My vision for the Waterside area is:

  • A thriving neighbourhood offering a unique and vibrant place to live and space for local businesses to flourish.
  • A place that reconnects Leicester to its waterfront, bringing opportunities for leisure and wildlife.
  • A place where people feel safe and comfortable to walk and cycle.
  • A place where the streets and homes are built to high standards of design and sustainability.
  • A confident place which values its history while embracing the future.

What happens next?

Last year we received £25 million of funding over five years to help kick-start development and we are now moving ahead with plans to regenerate the Waterside area. This will see around 300 new homes, new offices, shops, green space and canal-side paths.

Around half of the new homes will be town houses and the rest will be flats. A series of new public squares and play spaces will be integrated into the streets to provide a connection between homes and waterways. These proposals will help create a range of new leisure opportunities for walking, cycling and boating.

Purchasing the land

We submitted our plans for the area in May 2015, and were granted planning permission last December. 

Due to constraints on the site, development must take place in phases, and in a comprehensive manner.
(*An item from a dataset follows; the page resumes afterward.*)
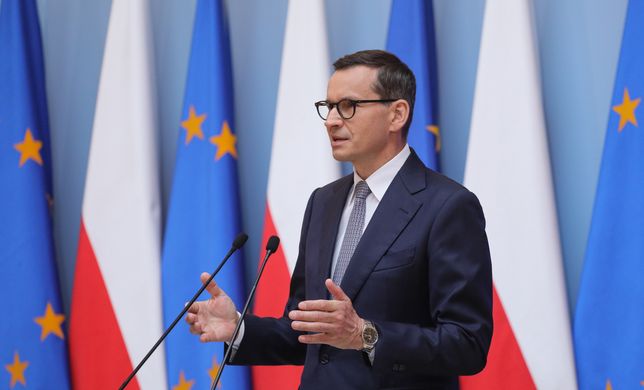 Morawiecki zapowiedział blokadę. "Socjalistyczne szaleństwo"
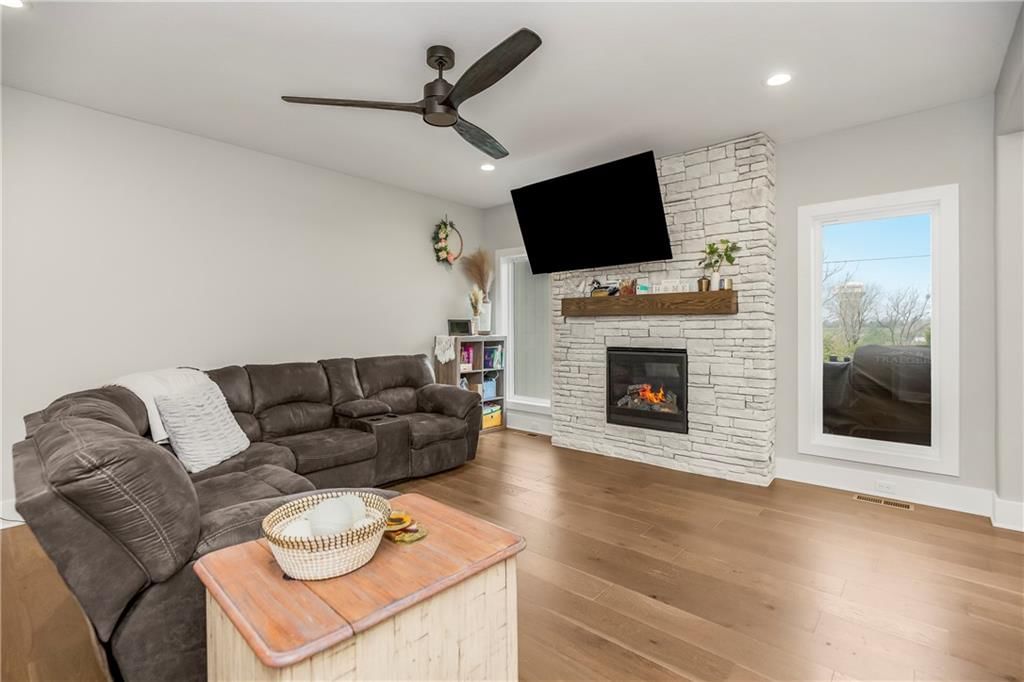 4015 NE Sagamore Drive — photo 5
Different parts of the site are owned by different landlords. The funding we have received is to acquire and prepare site. However, it’s unlikely we’d be able to negotiate individual sales on all properties in a reasonable period. 

For these reasons, a resolution for a compulsory purchase order (CPO) was made in April. This was the first step in making the CPO order. We have been negotiating with affected landowners since June 2015, and now own 80% of the site through voluntary agreements. 

When will the CPO come into effect?

We feel that it is now the right time to make the CPO. Once the order has been made, the timescales are out of our hands. However below is a rough timescale:

Stage Approximate timing/stage completion
Submission of CPO to the Planning Introspectorate for confirmation November 2016
CPO public inquiry May 2017
CPO decision August 2017
Acquisition and vacant possession of full site December 2017

Who will develop the site?

We have been working to secure a development partner for the past year. After a full tender process, we have selected Keepmoat Ltd, a nationally-recognised development firm, to deliver the project.